**What the exercise asks**
For this exercise, write out only the lines of the entries below from the one with "VIBGYOR（ヴィブジョー" up to and including the one with "Fendi Отличный крой Новая бейсболка", exactly as they are. Pictures stay out.

**Records provided**
- Opening Delimiter -
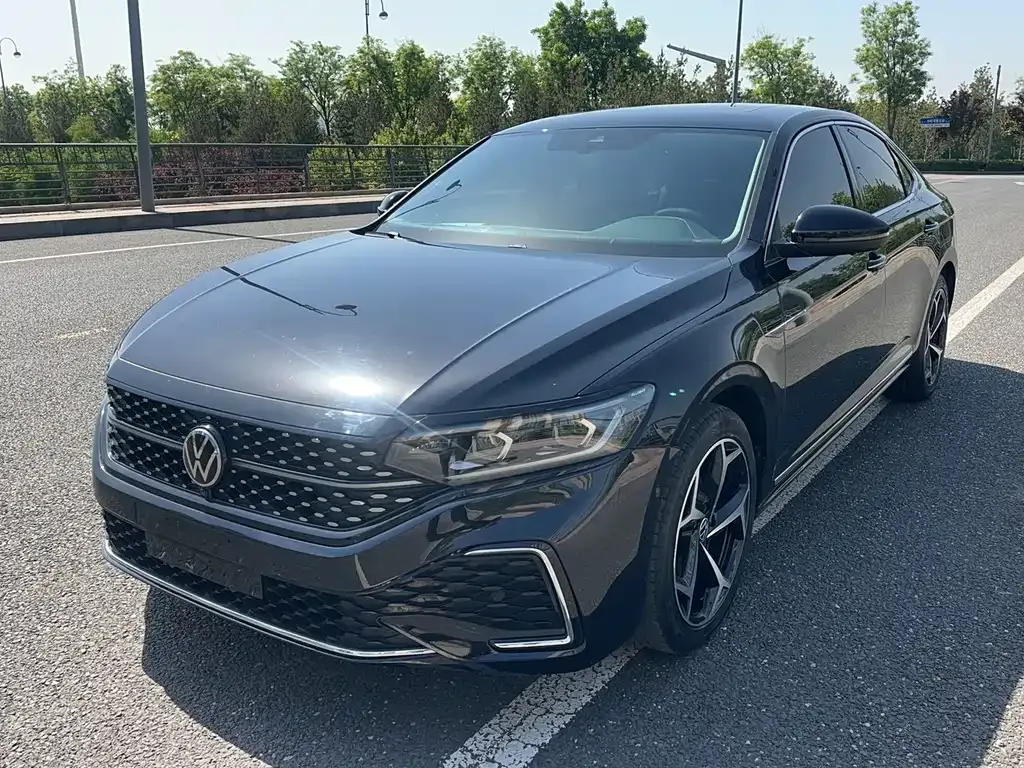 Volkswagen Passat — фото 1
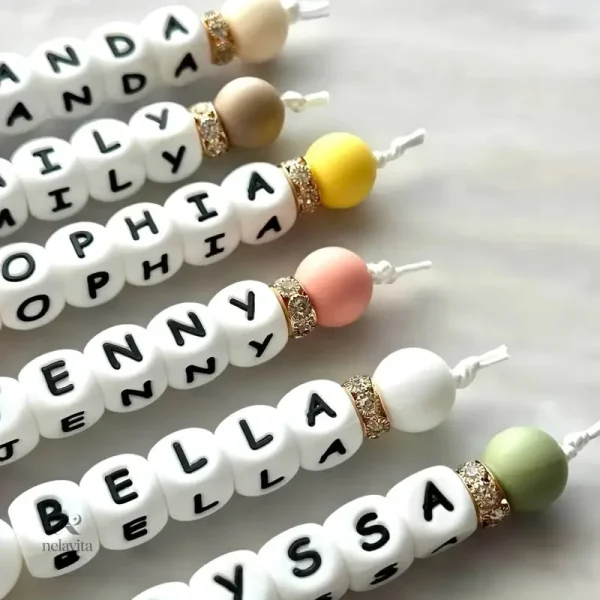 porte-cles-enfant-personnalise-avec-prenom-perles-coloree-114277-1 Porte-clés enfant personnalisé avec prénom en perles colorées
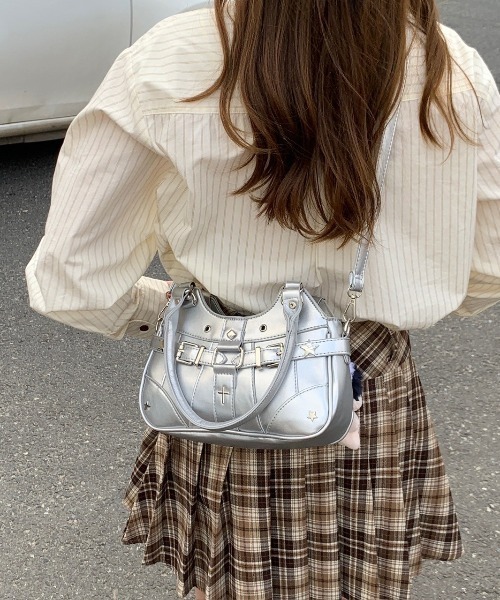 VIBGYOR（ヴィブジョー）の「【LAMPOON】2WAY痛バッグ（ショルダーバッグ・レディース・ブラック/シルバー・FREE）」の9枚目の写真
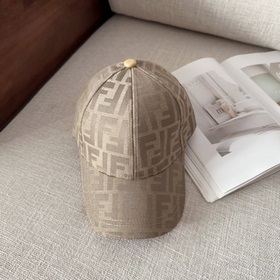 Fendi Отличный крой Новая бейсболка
- Closing Delimiter -
- Opening Delimiter -
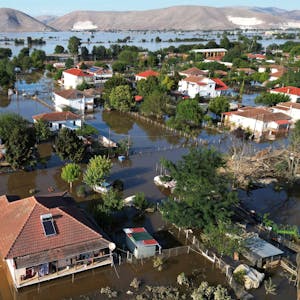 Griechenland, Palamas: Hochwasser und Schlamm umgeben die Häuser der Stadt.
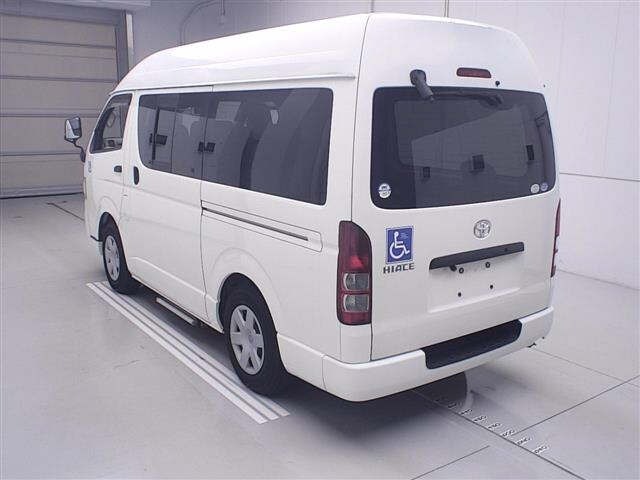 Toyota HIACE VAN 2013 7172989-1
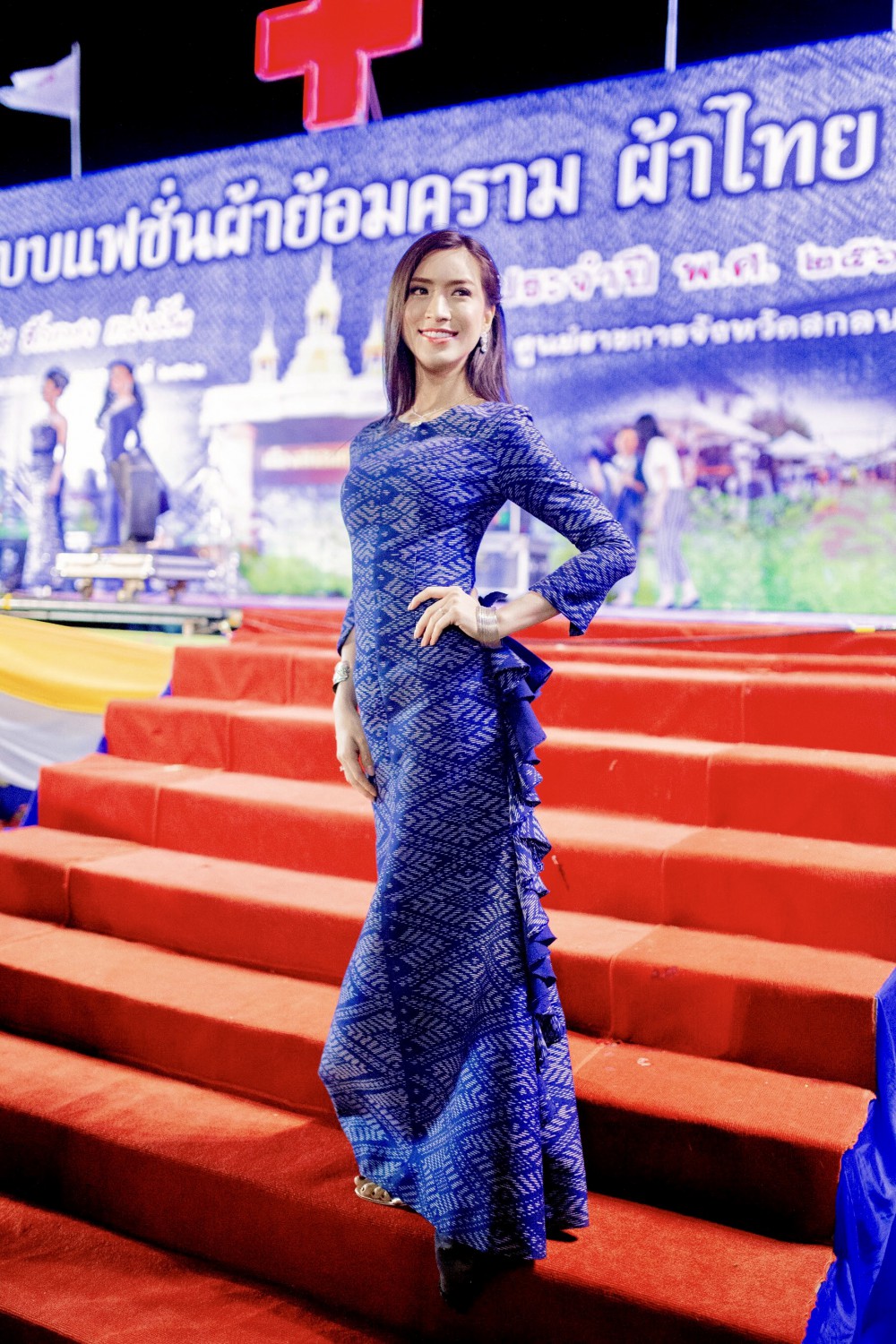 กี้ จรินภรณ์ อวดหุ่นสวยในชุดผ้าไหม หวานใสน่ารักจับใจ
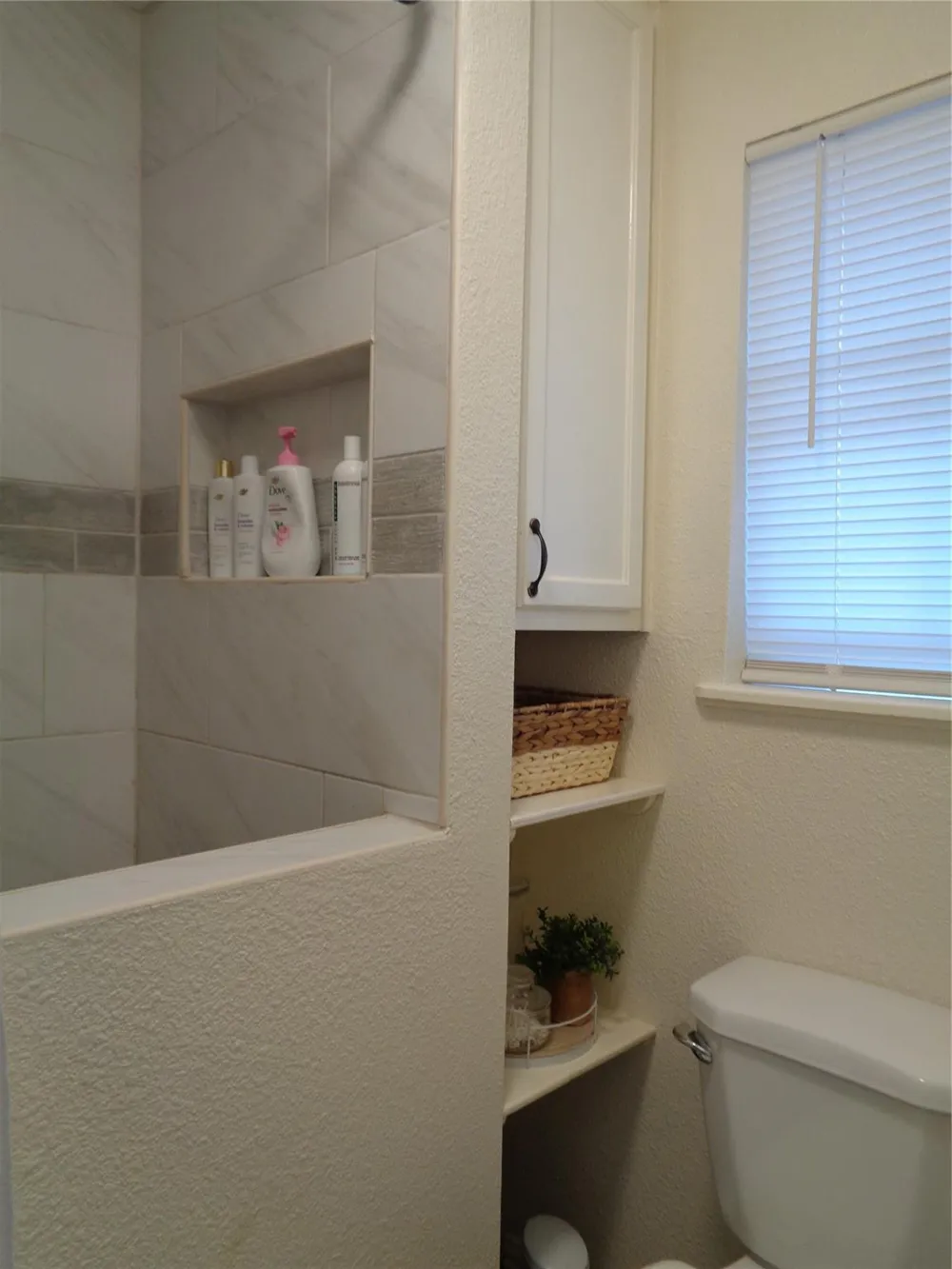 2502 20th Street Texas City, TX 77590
- Closing Delimiter -
- Opening Delimiter -
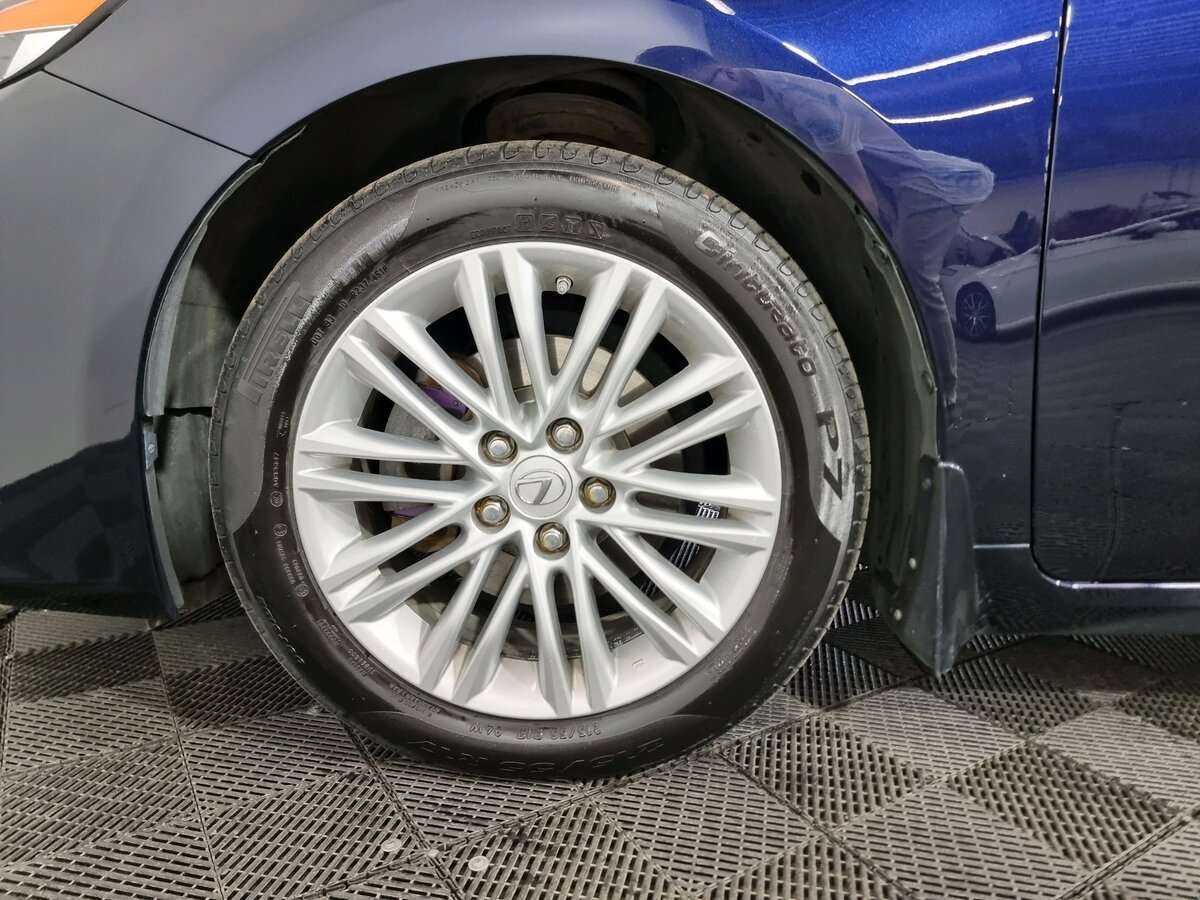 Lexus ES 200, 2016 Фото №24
- Closing Delimiter -
**Written reply**
 VIBGYOR（ヴィブジョー）の「【LAMPOON】2WAY痛バッグ（ショルダーバッグ・レディース・ブラック/シルバー・FREE）」の9枚目の写真
 Fendi Отличный крой Новая бейсболка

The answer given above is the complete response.